I was recently trying to reproduce a Chainer model in Tensorflow and was running into problems reproducing outputs in 1D deconvolution layers. For example, in the code snippet below, I use the same weights, strides, paddings, etc and get different outputs for TF deconvs and chainer deconvs:
import numpy as np
import chainer.links as L
from tensorflow.keras.layers import Conv1DTranpose
chainer_deconv = L.DeconvolutionND(1, 100, 1024, 1, 1, 0, initialW=fsgen_weights['dc0/W'],initial_bias=fsgen_weights['dc0/b'])

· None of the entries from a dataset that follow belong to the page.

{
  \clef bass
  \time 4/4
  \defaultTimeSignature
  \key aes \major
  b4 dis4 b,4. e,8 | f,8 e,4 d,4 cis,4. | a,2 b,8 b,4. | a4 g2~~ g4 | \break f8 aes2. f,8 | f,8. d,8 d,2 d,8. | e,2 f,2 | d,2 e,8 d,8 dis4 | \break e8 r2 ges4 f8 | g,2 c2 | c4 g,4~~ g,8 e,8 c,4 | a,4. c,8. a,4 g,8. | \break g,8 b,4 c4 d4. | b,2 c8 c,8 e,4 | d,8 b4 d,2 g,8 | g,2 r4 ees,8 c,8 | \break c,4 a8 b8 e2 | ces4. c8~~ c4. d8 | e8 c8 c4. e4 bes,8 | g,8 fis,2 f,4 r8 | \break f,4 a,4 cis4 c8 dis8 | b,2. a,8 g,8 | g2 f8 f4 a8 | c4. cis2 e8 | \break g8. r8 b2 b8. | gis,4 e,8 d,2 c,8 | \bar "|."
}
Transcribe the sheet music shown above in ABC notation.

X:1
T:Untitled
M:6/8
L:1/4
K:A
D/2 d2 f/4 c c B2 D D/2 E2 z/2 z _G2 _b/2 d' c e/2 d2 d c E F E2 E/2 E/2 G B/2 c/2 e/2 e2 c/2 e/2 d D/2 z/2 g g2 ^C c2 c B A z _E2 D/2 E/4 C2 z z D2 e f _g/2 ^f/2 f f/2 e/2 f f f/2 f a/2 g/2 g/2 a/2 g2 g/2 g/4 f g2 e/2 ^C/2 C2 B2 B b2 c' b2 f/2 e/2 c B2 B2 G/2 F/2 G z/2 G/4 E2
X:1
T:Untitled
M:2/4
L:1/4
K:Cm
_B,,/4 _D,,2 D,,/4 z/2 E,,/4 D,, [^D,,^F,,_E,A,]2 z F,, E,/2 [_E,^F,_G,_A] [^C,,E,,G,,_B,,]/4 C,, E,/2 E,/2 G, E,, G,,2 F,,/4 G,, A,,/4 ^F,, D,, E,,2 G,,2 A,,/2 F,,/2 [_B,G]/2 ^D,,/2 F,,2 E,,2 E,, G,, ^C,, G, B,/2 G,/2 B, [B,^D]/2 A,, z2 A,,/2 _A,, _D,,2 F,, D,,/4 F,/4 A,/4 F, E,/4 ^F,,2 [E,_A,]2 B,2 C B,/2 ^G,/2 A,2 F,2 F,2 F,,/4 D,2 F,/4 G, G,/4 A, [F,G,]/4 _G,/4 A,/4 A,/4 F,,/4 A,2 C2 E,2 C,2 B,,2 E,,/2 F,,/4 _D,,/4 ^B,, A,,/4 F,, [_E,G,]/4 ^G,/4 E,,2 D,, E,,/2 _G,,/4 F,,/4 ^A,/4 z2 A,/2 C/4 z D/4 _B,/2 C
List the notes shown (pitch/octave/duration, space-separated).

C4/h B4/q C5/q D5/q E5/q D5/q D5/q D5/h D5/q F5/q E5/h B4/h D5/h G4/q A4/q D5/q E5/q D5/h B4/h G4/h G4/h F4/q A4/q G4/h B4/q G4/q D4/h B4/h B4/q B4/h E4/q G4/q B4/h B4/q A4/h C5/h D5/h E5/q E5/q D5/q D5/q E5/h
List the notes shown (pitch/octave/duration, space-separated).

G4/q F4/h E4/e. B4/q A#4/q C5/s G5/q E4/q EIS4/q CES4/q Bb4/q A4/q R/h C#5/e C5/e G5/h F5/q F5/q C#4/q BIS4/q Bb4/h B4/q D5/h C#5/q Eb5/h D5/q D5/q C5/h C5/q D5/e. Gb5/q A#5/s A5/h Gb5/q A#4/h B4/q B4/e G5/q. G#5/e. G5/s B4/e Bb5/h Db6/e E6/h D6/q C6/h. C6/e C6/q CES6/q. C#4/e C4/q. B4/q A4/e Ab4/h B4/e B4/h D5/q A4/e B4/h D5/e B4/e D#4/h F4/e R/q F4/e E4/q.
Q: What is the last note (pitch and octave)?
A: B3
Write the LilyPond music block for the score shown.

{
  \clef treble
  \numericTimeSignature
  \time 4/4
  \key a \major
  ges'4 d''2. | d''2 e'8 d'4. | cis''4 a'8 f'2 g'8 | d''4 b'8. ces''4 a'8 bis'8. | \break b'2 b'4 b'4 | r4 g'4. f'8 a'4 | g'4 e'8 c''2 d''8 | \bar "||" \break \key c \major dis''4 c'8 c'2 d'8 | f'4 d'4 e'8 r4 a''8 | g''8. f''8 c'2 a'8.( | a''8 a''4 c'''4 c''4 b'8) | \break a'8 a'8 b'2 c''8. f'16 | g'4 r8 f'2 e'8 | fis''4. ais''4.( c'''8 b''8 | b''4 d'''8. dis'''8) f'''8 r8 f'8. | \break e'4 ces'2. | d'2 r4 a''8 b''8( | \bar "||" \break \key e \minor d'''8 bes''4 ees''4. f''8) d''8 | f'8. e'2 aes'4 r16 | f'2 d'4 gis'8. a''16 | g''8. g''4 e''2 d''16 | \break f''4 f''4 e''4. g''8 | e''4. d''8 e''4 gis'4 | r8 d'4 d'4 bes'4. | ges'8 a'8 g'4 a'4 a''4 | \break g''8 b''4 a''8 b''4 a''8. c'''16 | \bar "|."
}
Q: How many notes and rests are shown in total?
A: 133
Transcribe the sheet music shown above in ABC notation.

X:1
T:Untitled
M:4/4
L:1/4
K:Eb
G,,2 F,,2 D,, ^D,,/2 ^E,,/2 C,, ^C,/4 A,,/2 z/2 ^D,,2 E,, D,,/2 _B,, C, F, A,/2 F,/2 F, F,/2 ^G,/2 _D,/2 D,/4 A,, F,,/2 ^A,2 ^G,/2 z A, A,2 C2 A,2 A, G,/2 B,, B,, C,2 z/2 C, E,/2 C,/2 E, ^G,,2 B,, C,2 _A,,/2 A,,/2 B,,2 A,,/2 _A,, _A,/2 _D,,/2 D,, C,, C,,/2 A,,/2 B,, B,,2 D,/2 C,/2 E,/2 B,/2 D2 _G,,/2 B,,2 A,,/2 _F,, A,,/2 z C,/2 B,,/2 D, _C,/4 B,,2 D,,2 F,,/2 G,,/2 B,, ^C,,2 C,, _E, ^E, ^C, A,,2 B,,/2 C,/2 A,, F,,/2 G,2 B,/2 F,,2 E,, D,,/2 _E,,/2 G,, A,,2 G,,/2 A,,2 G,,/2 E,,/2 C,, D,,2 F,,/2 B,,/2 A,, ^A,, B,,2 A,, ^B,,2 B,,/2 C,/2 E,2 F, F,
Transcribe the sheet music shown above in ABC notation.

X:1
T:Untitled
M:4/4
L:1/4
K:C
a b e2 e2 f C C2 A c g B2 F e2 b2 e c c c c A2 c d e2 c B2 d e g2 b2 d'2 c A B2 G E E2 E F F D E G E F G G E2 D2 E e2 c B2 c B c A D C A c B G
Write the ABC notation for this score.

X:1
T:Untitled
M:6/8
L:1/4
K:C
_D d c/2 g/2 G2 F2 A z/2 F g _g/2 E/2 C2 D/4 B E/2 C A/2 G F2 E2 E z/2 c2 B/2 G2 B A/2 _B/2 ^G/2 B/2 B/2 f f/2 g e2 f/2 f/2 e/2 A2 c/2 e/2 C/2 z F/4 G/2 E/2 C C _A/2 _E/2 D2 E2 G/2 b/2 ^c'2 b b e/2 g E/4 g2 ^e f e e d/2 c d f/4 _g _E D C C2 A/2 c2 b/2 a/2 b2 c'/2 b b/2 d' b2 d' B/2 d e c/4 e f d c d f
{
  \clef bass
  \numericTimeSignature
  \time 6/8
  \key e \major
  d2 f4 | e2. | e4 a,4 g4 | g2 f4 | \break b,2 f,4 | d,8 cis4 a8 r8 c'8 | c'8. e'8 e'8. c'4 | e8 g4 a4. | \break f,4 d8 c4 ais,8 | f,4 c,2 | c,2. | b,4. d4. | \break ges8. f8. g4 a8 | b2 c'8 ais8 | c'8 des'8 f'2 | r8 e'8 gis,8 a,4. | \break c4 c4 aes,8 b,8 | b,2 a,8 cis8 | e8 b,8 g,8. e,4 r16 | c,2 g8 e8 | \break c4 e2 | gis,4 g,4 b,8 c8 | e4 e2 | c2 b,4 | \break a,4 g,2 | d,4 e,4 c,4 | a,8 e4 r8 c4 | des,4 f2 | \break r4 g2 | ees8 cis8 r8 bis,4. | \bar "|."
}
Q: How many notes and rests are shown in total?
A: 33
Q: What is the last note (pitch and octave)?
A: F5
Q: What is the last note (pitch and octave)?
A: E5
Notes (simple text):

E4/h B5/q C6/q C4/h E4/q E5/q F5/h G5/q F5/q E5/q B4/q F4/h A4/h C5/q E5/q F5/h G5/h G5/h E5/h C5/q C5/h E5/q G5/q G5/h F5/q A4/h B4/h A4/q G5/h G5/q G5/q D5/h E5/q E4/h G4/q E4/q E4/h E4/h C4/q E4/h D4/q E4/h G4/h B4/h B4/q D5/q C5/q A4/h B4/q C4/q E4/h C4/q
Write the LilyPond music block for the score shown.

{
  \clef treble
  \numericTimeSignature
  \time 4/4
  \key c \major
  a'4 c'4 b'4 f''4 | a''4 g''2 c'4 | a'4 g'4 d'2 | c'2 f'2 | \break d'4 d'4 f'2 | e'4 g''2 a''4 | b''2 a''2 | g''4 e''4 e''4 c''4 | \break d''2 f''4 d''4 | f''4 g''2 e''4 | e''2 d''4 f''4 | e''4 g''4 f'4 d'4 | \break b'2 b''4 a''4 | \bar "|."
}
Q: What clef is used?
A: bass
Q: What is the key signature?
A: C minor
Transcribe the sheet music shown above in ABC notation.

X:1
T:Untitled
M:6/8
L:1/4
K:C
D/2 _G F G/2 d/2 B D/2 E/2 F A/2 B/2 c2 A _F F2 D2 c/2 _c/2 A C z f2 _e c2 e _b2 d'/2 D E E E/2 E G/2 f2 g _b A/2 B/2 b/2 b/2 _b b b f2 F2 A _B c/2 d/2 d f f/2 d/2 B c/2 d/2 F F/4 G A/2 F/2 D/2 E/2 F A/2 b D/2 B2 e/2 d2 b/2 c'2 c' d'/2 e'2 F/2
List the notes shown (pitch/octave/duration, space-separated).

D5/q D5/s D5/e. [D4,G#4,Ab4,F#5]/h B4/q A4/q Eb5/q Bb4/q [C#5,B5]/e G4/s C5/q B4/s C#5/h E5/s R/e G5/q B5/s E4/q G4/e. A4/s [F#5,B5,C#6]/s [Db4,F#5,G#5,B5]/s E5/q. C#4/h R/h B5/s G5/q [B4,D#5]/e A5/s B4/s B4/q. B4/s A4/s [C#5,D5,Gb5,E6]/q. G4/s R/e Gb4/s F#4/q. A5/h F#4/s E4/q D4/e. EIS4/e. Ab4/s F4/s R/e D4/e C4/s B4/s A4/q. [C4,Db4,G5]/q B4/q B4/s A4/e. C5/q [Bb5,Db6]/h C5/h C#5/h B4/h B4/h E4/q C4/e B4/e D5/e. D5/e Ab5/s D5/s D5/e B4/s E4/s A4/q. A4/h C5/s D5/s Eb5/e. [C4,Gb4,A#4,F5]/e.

tf_deconv = Conv1DTranspose(1024, 1, strides=1,data_format='channels_first',kernel_initializer=tf.constant_initializer(fsgen_weights['dc0/W']), bias_initializer=tf.constant_initializer(fsgen_weights['dc0/b']))
batch_size = 5
test_in = np.random.rand(batch_size,100,1)*2-1
#print a portion of the outputs
print(chainer_deconv(test_in)[0][0:4])
--> prints variable([[-0.00434582]
[ 0.08588306]
[ 0.01726495]
[ 0.0137401 ] ])
print(tf_deconv(test_in)[0][0:4])
--> prints tf.Tensor(
[[-0.03280227]
[ 0.08922134]
[-0.03946912]
[-0.10054161] ])
Can anybody tell me why these layers return different values if they are using identical weights and inputs?